In this technique, each category is assigned an integer value. Ex. Miami is 1, Sydney is 2 and New York is 3. However, it is important to realize that this introduced an ordinality to the data which the ML models will try to use to look for relationships in the data. Therefore, using this data where no ordinal relationship exists (ranking between the categorical variables) is not a good practice. Maybe as you may have realized already, the example we just used for the cities is actually not a good idea. Because Miami, Sydney, and New York do not have any ranking relationship between them. In this case, the One-Hot encoder would be a better option which we will see in the next section.
Let’s create a better example for ordinal encoding.
Ordinal encoding transformation is available in the scikit-learn library. So let’s use the OrdinalEncoder class to build a small example:
# example of a ordinal encoding
import numpy as np
import pandas as pd
from sklearn.preprocessing import OrdinalEncoder
# define data
data = np.asarray([['good'], ['very good'], ['excellent']])

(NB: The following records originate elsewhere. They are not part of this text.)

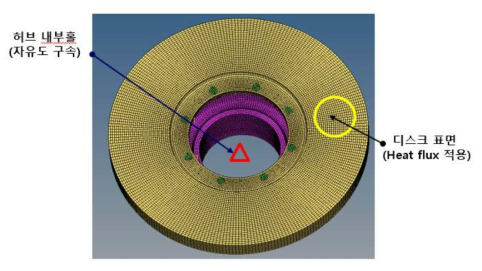 제동디스크 열전달 해석 경계조건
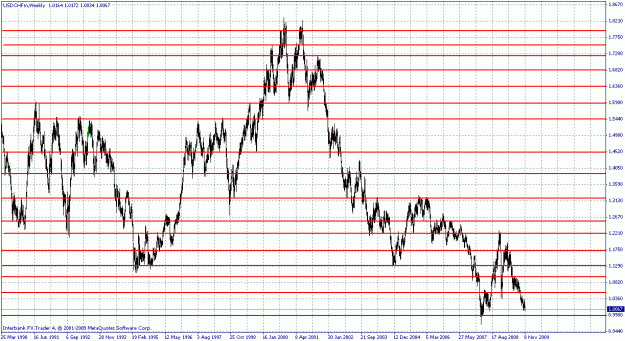 Click to Enlarge

Name: usdchf_weekly.gif
Size: 33 KB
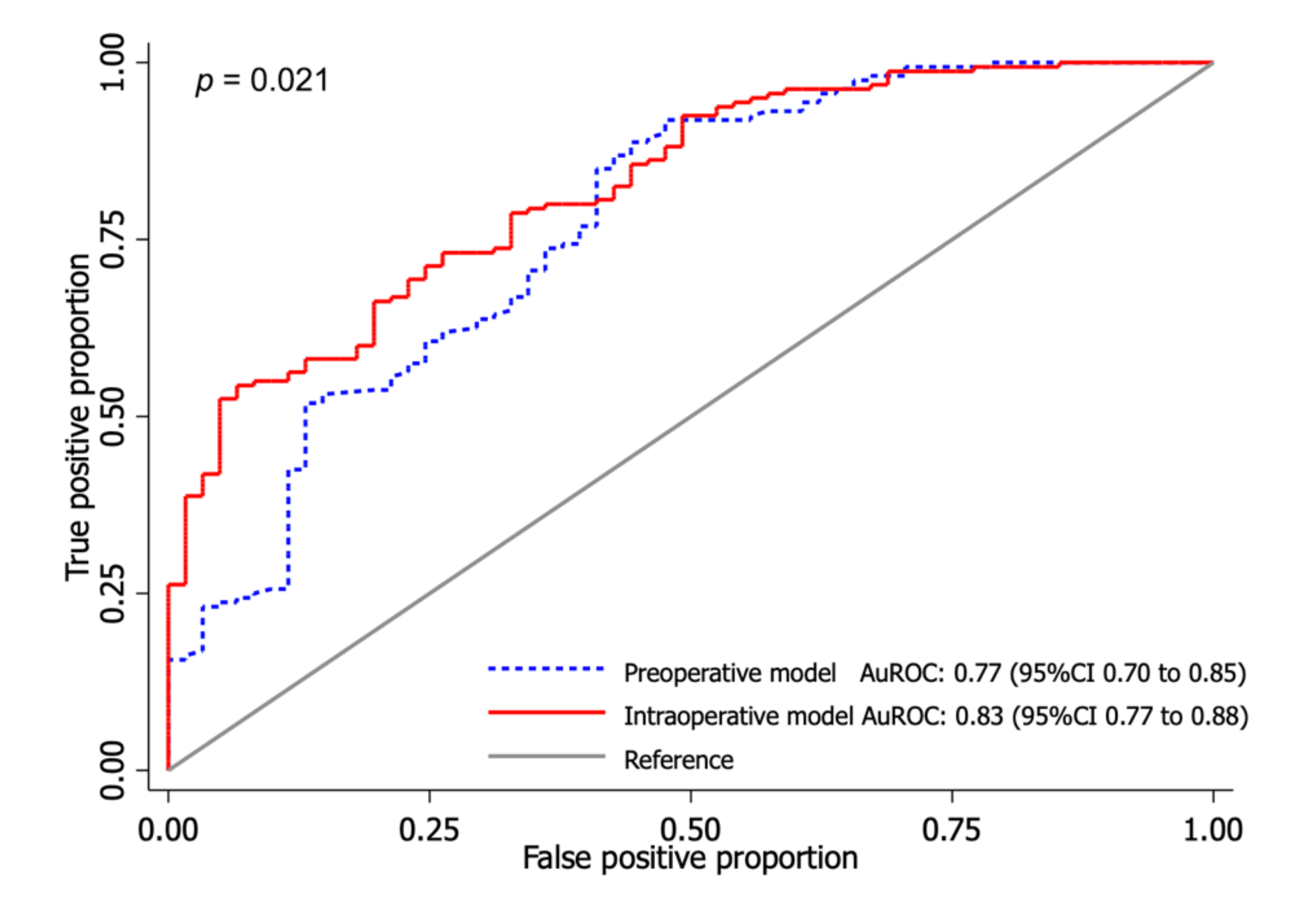 Ijerph 19 00177 g002 Ijerph 19 00177 g002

df = pd.DataFrame(data, columns=["Rating"], index=["Rater 1", "Rater 2", "Rater 3"])
print("Data before encoding:")
print(df)
# define ordinal encoding
encoder = OrdinalEncoder()
# transform data
df["Encoded Rating"] = encoder.fit_transform(df)
print("\nData after encoding:")
print(df)
Data before encoding:
Rating
Rater 1 good
Rater 2 very good
Rater 3 excellent
Data after encoding:
Rating Encoded Rating
Rater 1 good 1.0
Rater 2 very good 2.0
Rater 3 excellent 0.0
In this case, the encoder assigned the integer values according to the alphabetical order which is the case for text variables. Although we usually do not need to explicitly define the order of the categories, as ML algorithms will be able to extract the relationship anyway, for the sake of this example we can define an explicit order of the categories using the categories variable of the OrdinalEncoder.
import numpy as np
import pandas as pd
from sklearn.preprocessing import OrdinalEncoder
# define data
data = np.asarray([['good'], ['very good'], ['excellent']])
df = pd.DataFrame(data, columns=["Rating"], index=["Rater 1", "Rater 2", "Rater 3"])
print("Data before encoding:")
print(df)
# define ordinal encoding
categories = [['good', 'very good', 'excellent']]
encoder = OrdinalEncoder(categories=categories)
# transform data
df["Encoded Rating"] = encoder.fit_transform(df)
print("\nData after encoding:")
print(df)
Data before encoding:
Rating
Rater 1 good
Rater 2 very good
Rater 3 excellent
Data after encoding:
Rating Encoded Rating
Rater 1 good 0.0
Rater 2 very good 1.0
Rater 3 excellent 2.0
LabelEncoder class from scikit-learn is used to encode the Target labels in the dataset. It actually does exactly the same thing as OrdinalEncoder, however, it expects only a one-dimensional input which comes in very handy when encoding the target labels in the dataset.
As we mentioned previously, for categorical data where there is no ordinal relationship, ordinal encoding is not the suitable technique because it results in making the model look for natural order relationships within the categorical data which does not actually exist and could worsen the model performance.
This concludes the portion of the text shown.